For many patients suffering from depressive illnesses the best pharmacological treatments are those that increase levels of serotonin, the brain chemical that regulates mood, sleep and memory. New research shows that a gene called p11 is closely related to serotonin transmission in the brain and may play a key role in determining a person’s susceptibility to the disease.
The investigators used a blind screen called a yeast two-hybrid screen to identify proteins that associate with the serotonin 1B receptor, a site known to play a role in depression and serotonin regulation. They found an association with a protein called p11, a protein previously identified as a regulator of the localization of several proteins on the cell’s surface.

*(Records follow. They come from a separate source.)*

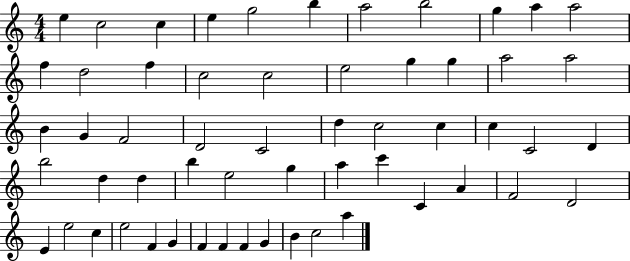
{
  \clef treble
  \numericTimeSignature
  \time 4/4
  \key c \major
  e''4 c''2 c''4 | e''4 g''2 b''4 | a''2 b''2 | g''4 a''4 a''2 | \break f''4 d''2 f''4 | c''2 c''2 | e''2 g''4 g''4 | a''2 a''2 | \break b'4 g'4 f'2 | d'2 c'2 | d''4 c''2 c''4 | c''4 c'2 d'4 | \break b''2 d''4 d''4 | b''4 e''2 g''4 | a''4 c'''4 c'4 a'4 | f'2 d'2 | \break e'4 e''2 c''4 | e''2 f'4 g'4 | f'4 f'4 f'4 g'4 | b'4 c''2 a''4 | \break \bar "|."
} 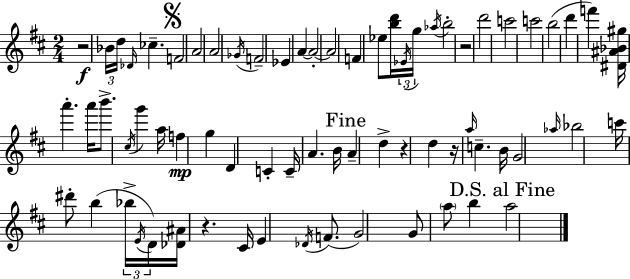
{
  \clef treble
  \numericTimeSignature
  \time 2/4
  \key d \major
  \repeat volta 2 { r2\f | \tuplet 3/2 { bes'16 d''16 \grace { des'16 } } ces''4.-- | \mark \markup { \musicglyph "scripts.segno" } f'2 | a'2 | \break a'2 | \acciaccatura { ges'16 } f'2-- | ees'4 a'4~~ | a'2-.~~ | \break a'2 | f'4 ees''8 | <b'' d'''>16 \tuplet 3/2 { \acciaccatura { ees'16 } g''16 \acciaccatura { aes''16 } } b''2-. | r2 | \break d'''2 | c'''2 | c'''2 | b''2( | \break d'''4 | f'''4) <dis' ais' bes' gis''>16 a'''4.-. | a'''16 b'''8.-> \acciaccatura { cis''16 } | g'''4 a''16 f''4\mp | \break g''4 d'4 | c'4-. c'16-- a'4. | b'16 \mark "Fine" a'4-- | d''4-> r4 | \break d''4 r16 \grace { a''16 } c''4.-- | b'16 g'2 | \grace { aes''16 } bes''2 | c'''16 | \break dis'''8-. b''4( \tuplet 3/2 { bes''16-> \acciaccatura { e'16 } | d'16) } <des' ais'>16 r4. | cis'16 e'4 \acciaccatura { des'16 }( f'8. | g'2) | \break g'8 \parenthesize a''8 b''4 | \mark "D.S. al Fine" a''2 | } \bar "|."
} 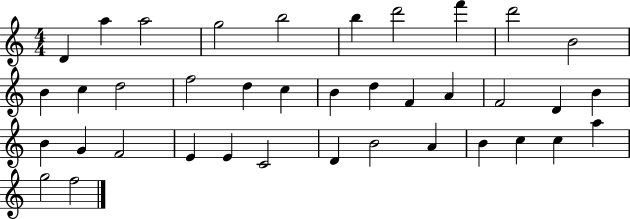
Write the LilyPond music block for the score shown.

{
  \clef treble
  \numericTimeSignature
  \time 4/4
  \key c \major
  d'4 a''4 a''2 | g''2 b''2 | b''4 d'''2 f'''4 | d'''2 b'2 | \break b'4 c''4 d''2 | f''2 d''4 c''4 | b'4 d''4 f'4 a'4 | f'2 d'4 b'4 | \break b'4 g'4 f'2 | e'4 e'4 c'2 | d'4 b'2 a'4 | b'4 c''4 c''4 a''4 | \break g''2 f''2 | \bar "|."
} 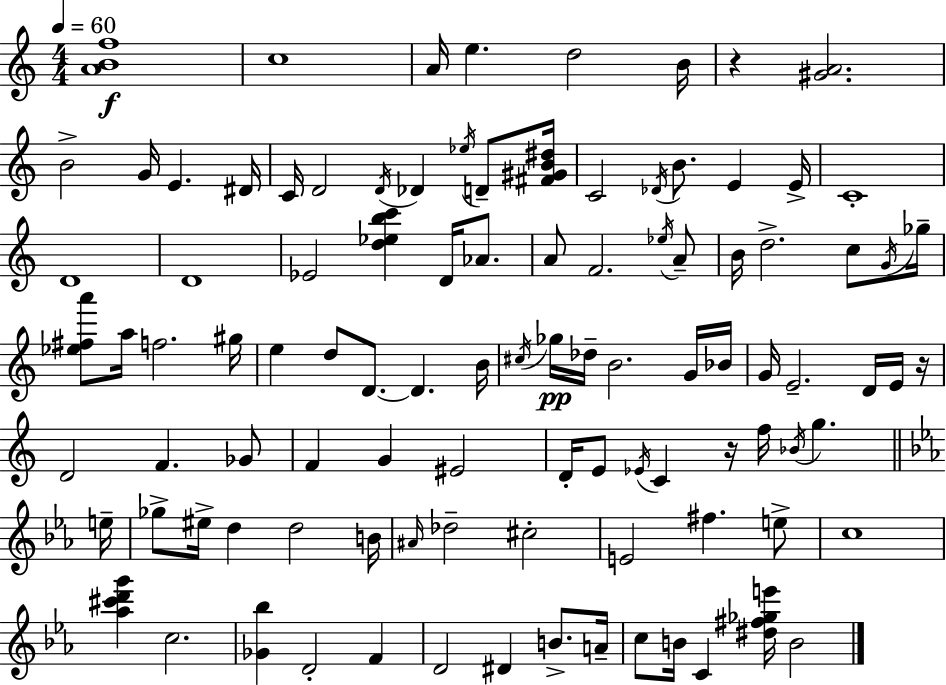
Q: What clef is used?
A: treble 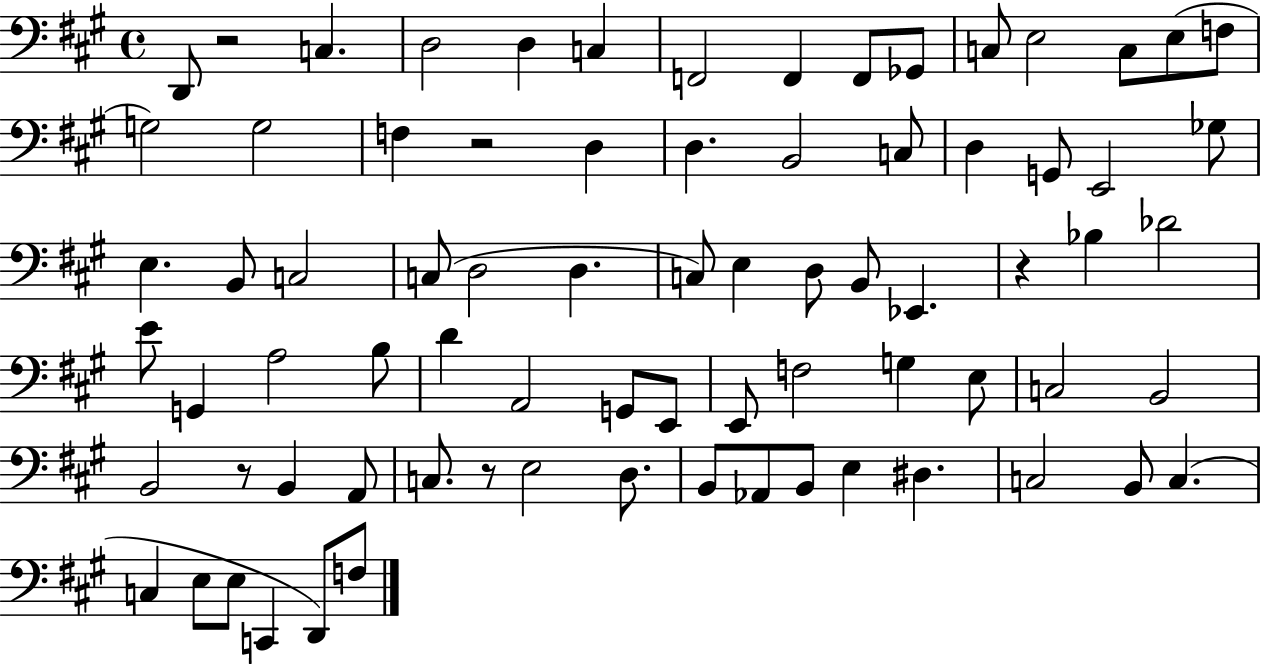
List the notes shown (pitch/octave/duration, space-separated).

D2/e R/h C3/q. D3/h D3/q C3/q F2/h F2/q F2/e Gb2/e C3/e E3/h C3/e E3/e F3/e G3/h G3/h F3/q R/h D3/q D3/q. B2/h C3/e D3/q G2/e E2/h Gb3/e E3/q. B2/e C3/h C3/e D3/h D3/q. C3/e E3/q D3/e B2/e Eb2/q. R/q Bb3/q Db4/h E4/e G2/q A3/h B3/e D4/q A2/h G2/e E2/e E2/e F3/h G3/q E3/e C3/h B2/h B2/h R/e B2/q A2/e C3/e. R/e E3/h D3/e. B2/e Ab2/e B2/e E3/q D#3/q. C3/h B2/e C3/q. C3/q E3/e E3/e C2/q D2/e F3/e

The researchers analyzed tissue from a mouse model of depression as well as post-mortem tissue from depressed human patients, and found decreased levels of p11 protein in both cases. On the other hand, p11 levels increased in rats and mice that were treated with anti-depressant medications or electroconvulsive therapy.
To further test the connection the scientists genetically engineered two strains of mice: one that produced more p11 than normal and another that produced no p11 at all. They found that mice that overexpress p11 were hyperactive and, in a test designed to identify depression in rodents, acted just like mice that were on anti-depressant medication. Mice that lacked p11, meanwhile, acted depressed and showed less responsivity to anti-depressant medications.
Taken together, the findings point to p11 as a new target for developing depression treatments.
Per Svenningsson, a research assistant professor at Rockefeller University said: “Our findings demonstrate that patients with depression, and mice that model this disease, have decreased levels of p11 protein, and they suggest that drugs that increase p11 are likely to have anti-depressant properties.”